Desde o início, houve divergência de entendimento sobre o caso. Inicialmente, a Polícia Civil indiciou Bueno por homicídio com dolo eventual — quando o autor assume o risco dos seus atos, mas não necessariamente tem o objetivo do resultado causado por ele. Mas quando o caso foi para o MP, o entendimento se deu de forma diversa. Para a acusação, houve homicídio doloso qualificado, motivado pelo fato de o réu não aceitar o desejo de Débora de terminar a relação.
Relatos de agressões
Familiares da vítima contestaram desde o início a versão de disparo acidental, relatando histórico de agressões e ameaças. Depoimentos ouvidos na Justiça reafirmaram a relação violenta. Um deles foi de uma vizinha do casal, que contou ter escutado uma discussão entre um homem e uma mulher vinda do apartamento, pouco antes dos estampidos dos tiros. A mulher disse ainda ter ouvido crianças chorando dentro do imóvel — Débora era mãe de um menino de um ano e nove meses na época. Uma segunda vizinha relatou ter ouvido uma briga anterior do casal, na qual Débora teria gritado que o companheiro iria matá-la.
Outra mulher disse que em uma ocasião chegou a ver Débora com braço e olho roxos, enquanto atendia na farmácia do companheiro. Familiares da vítima e uma ex-funcionária do estabelecimento também confirmaram que Débora era agredida e tinha medo que Bueno lhe matasse.

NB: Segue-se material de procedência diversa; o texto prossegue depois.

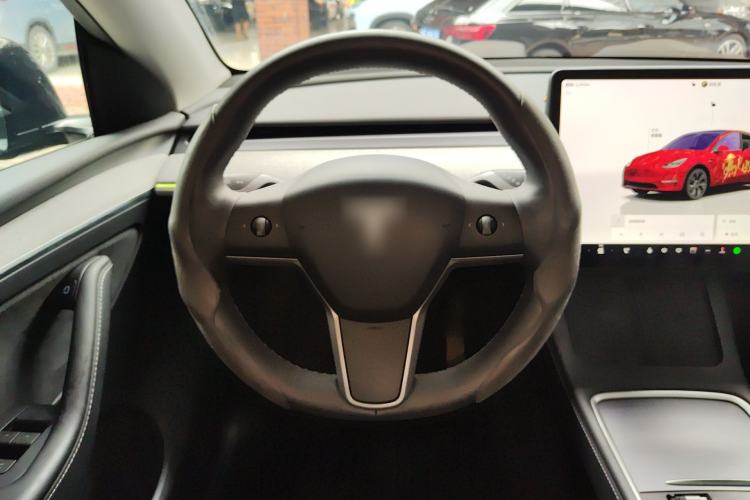Used Tesla Model Y 2023 Rear-Wheel-Drive Version Steering Wheel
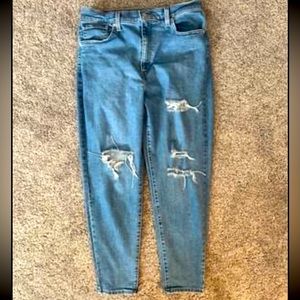 Levi’s High Waisted Mom Jeans size 32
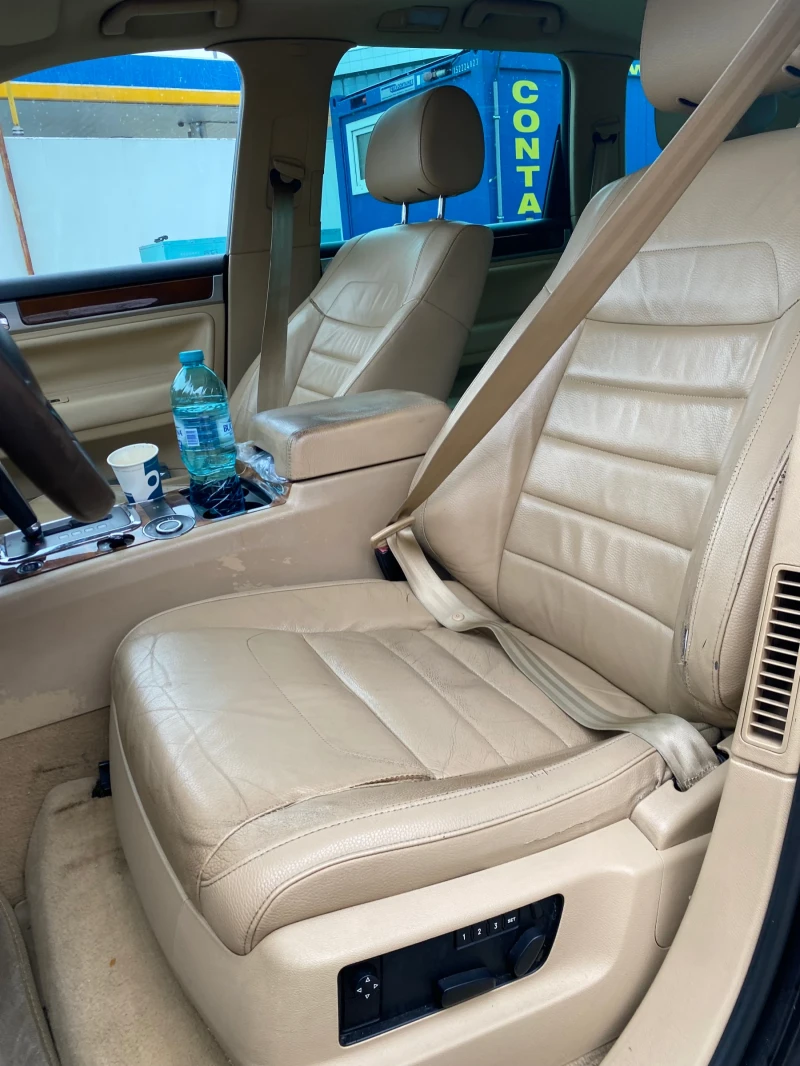 VW Touareg 3.0tdi, снимка 5 - Автомобили и джипове - 53427788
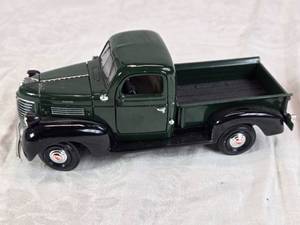 lot 3 image: Motor City Classics 124 Scale 1941 Plymouth Truck Model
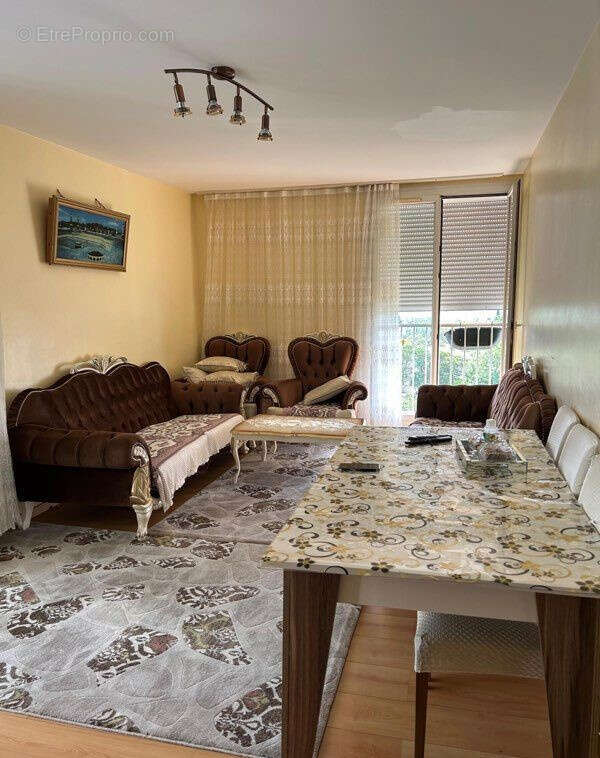 Appartement à MARSEILLE-14E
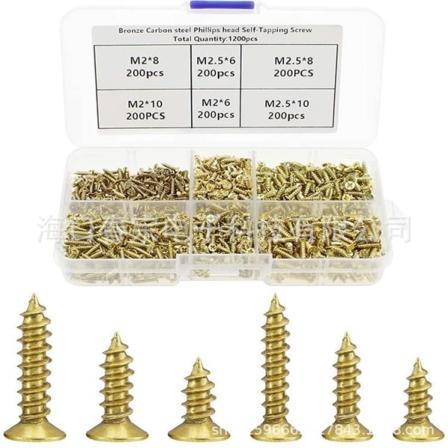 1200 kappaleen valikoima pieniä teräksisiä litteäkantaisia puuruuveja 5mm 6mm 7mm 8mm 10mm kultaisia pieniä puuruuveja järjestetyssä laatikossa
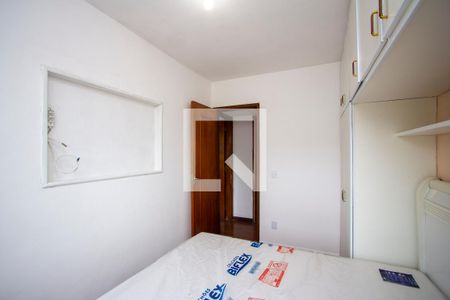 Quarto 1 de apartamento para alugar com 2 quartos, 59m² em São Lourenço, Niterói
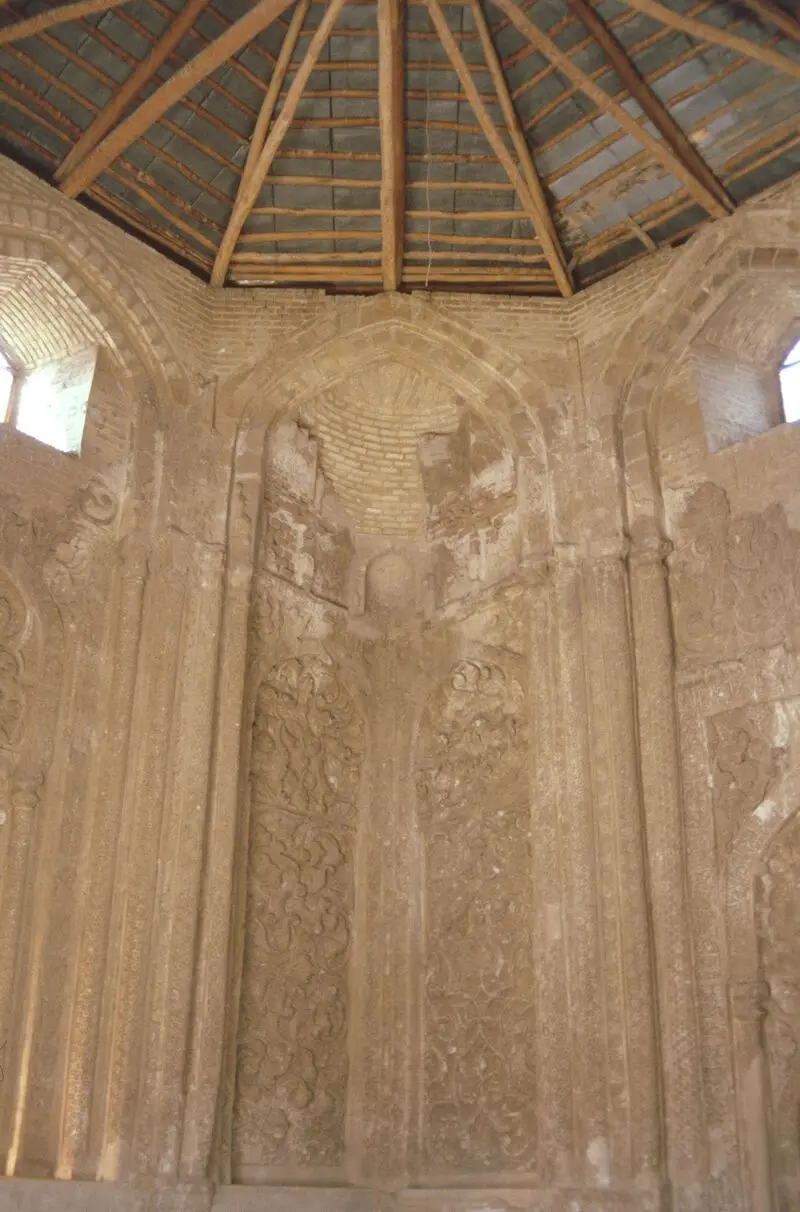 معماری گنبد علویان همدان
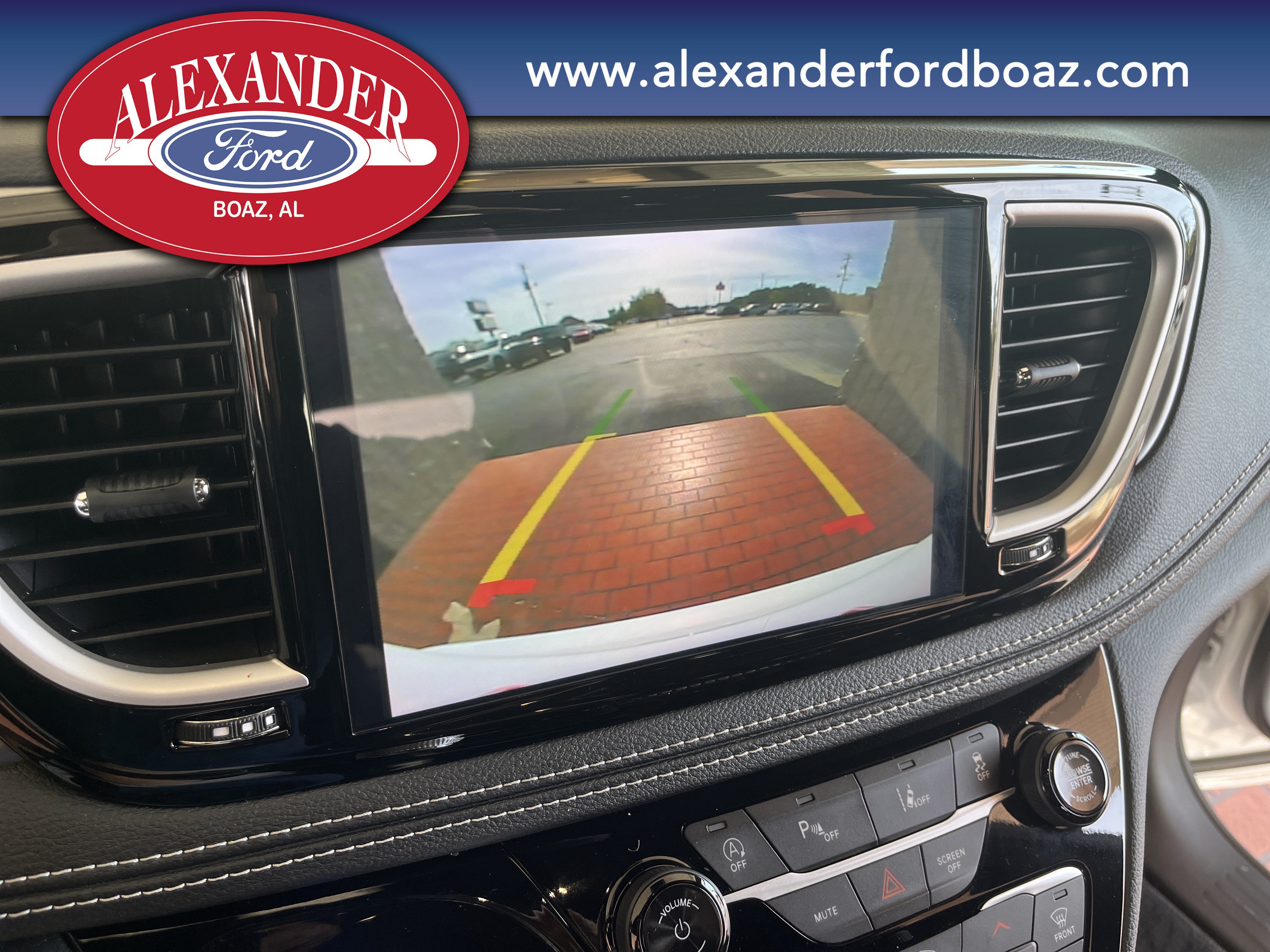 Used 2025 Chrysler Pacifica Select FWD image 23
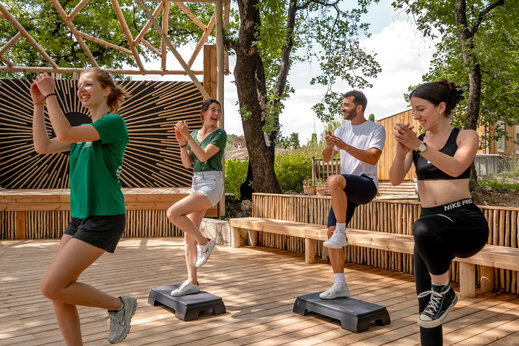 Cours de fitness en groupe sur sc�ne ext�rieure au camping CLICOCHIC Or�e d'Azur � OPIO (06).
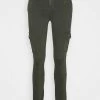 ONLY Tall ONLMISSOURI ANKLE CARGO PANT - Cargo Trousers - Rosin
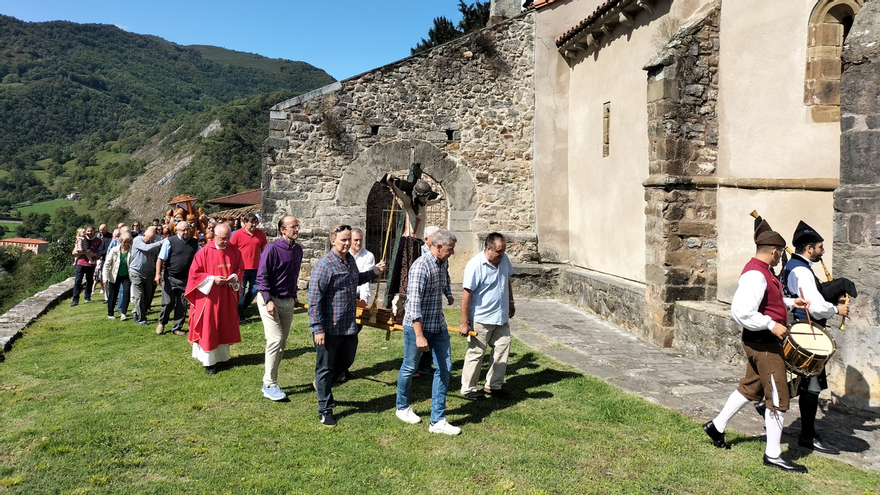 El Cristo de Collanzo despide el calendario estival de fiestas en Aller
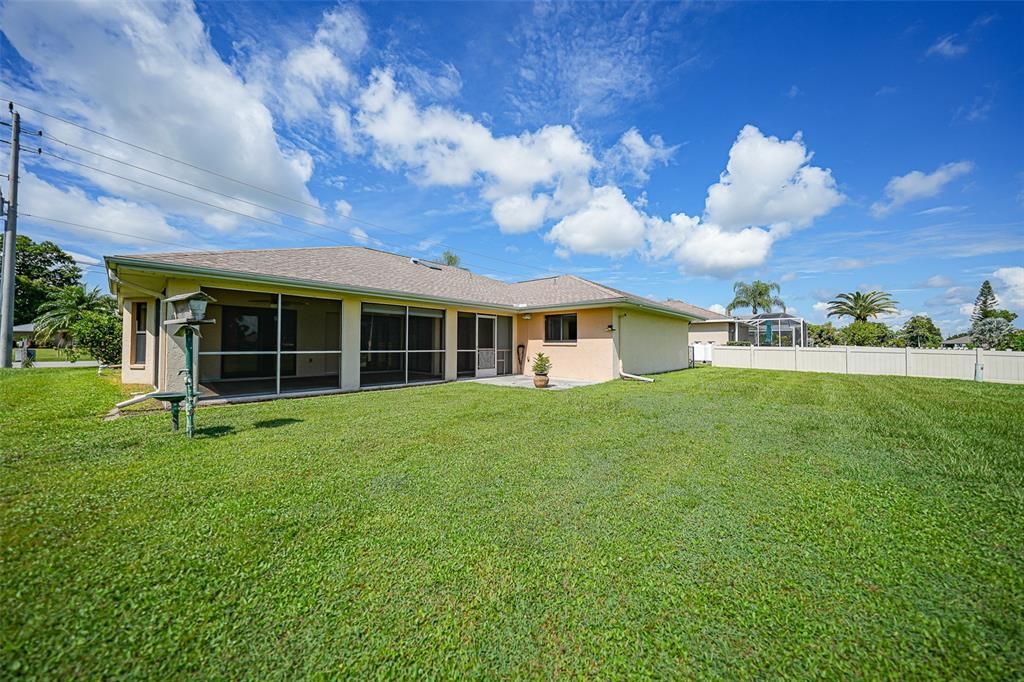 Active With Contract: $275,000 (3 beds, 2 baths, 1979 Square Feet)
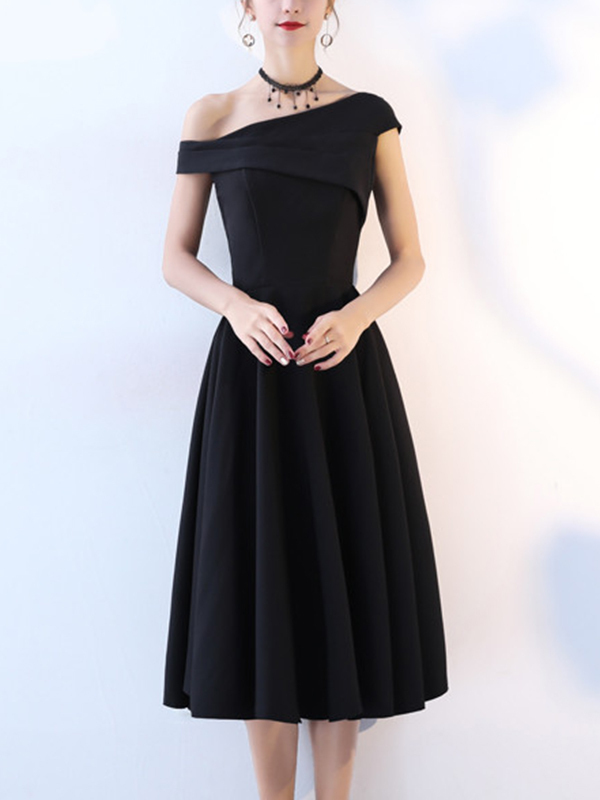 Váy dạ hội xẻ tà màu đen ấn tượng sexy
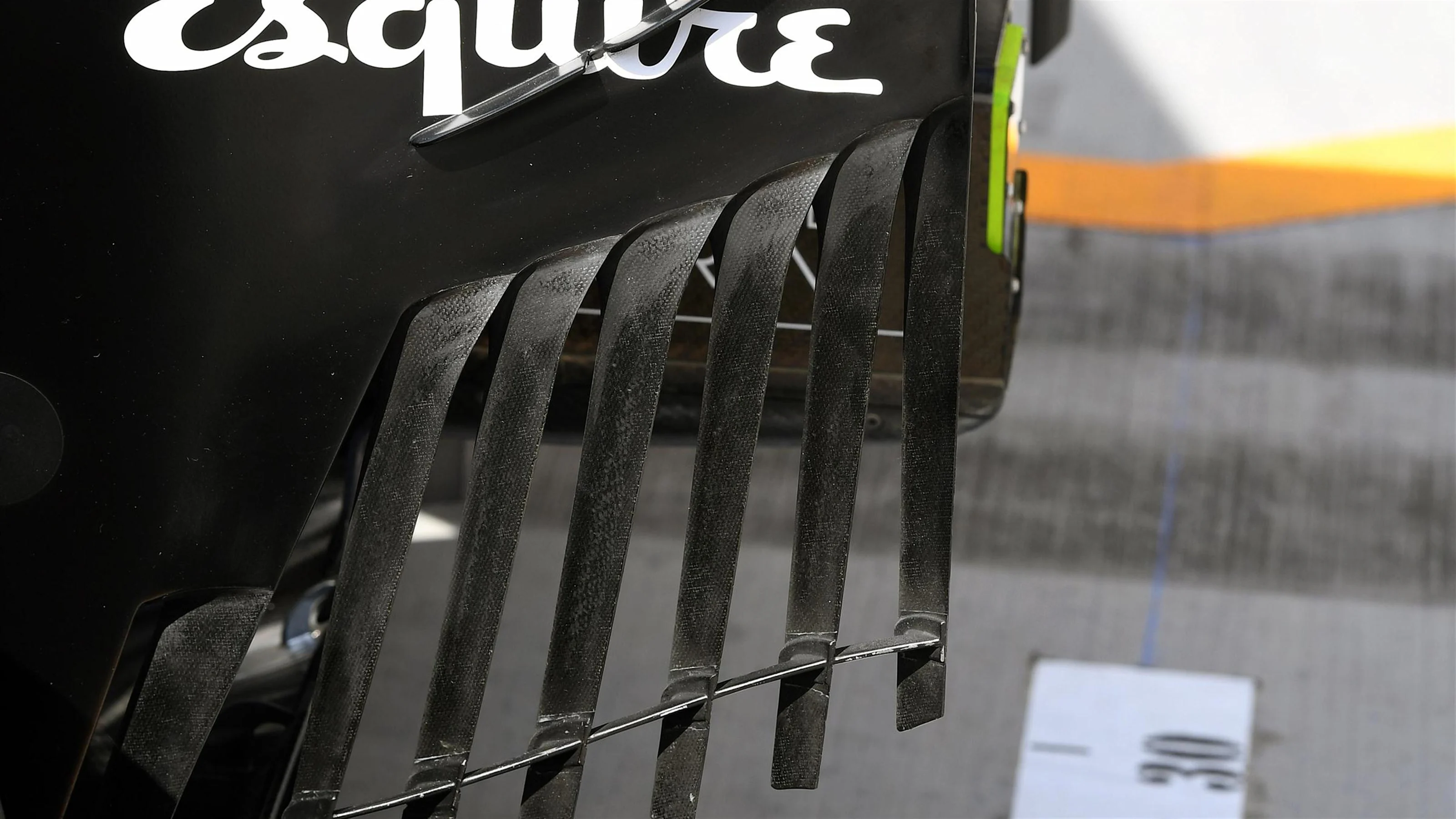 Williams FW38 rear wing at Formula One World Championship, Rd11, Preparations, Hungaroring,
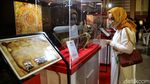 Antusias Pengunjung Melihat Artefak Nabi Muhammad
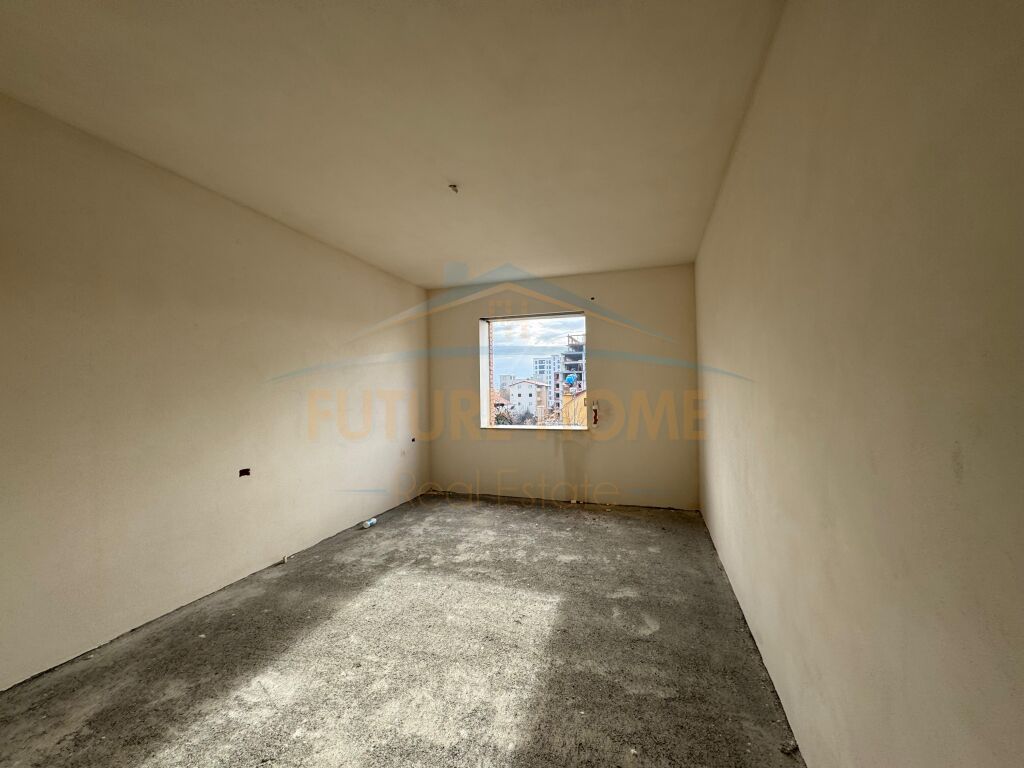 For sale, Apartment 2+1+2, "Ormad" Residence, Kamez, Tirana.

Uma das testemunhas contou que um dia antes do crime, Débora lhe telefonou desesperada, chorando, e dizendo que o companheiro a tinha estrangulado. A jovem teria dito que não aguentava mais viver com Bueno e as agressões sofridas, e, por isso, pretendia deixá-lo, mas que ele não aceitava a ideia de separação.
A arma
Além de Bueno há outro réu, acusado de ter emprestado a arma do crime, embora não responda pelo homicídio. Na mesma sentença de outubro, a juíza determinou que Rodrigo Mallet Maciel de Almeida, 39 anos, seja julgado pelo júri pelos delitos de posse ilegal de arma de fogo e receptação. Quando ouvido na Justiça, Almeida, que também responde em liberdade, disse nunca ter emprestado ou entregue qualquer arma para Bueno.
Durante a investigação, foi Bueno quem afirmou ter pego a arma no dia anterior ao crime com Almeida. Alegou que havia recebido ameaças de invasão em um terreno seu na Ilha da Pintada e, por isso, pediu a arma ao amigo. Ao ser interrogado em juízo, Bueno mudou de versão sobre a arma. Embora tenha optado em permanecer em silêncio sobre o assassinato, decidiu falar somente sobre a pistola e negou ter pego a arma de Almeida.
O advogado Cid Ricardo Vargas Cezimbra, que atua na defesa de Almeida, sustenta que a arma não foi emprestada pelo cliente.
— Nós também recorremos e estamos pedindo a absolvição do Rodrigo e que ele não vá a júri. Lá na fase policial, quando o Marcelo (Bueno) foi interpelado pela guarnição, perguntaram de quem era a arma, e ele disse que havia pego de um amigo, e indicou o Rodrigo. Mas o Marcelo mesmo já negou isso em juízo. Estamos negando a autoria veementemente. Essa arma nunca pertenceu ao Rodrigo — diz o advogado.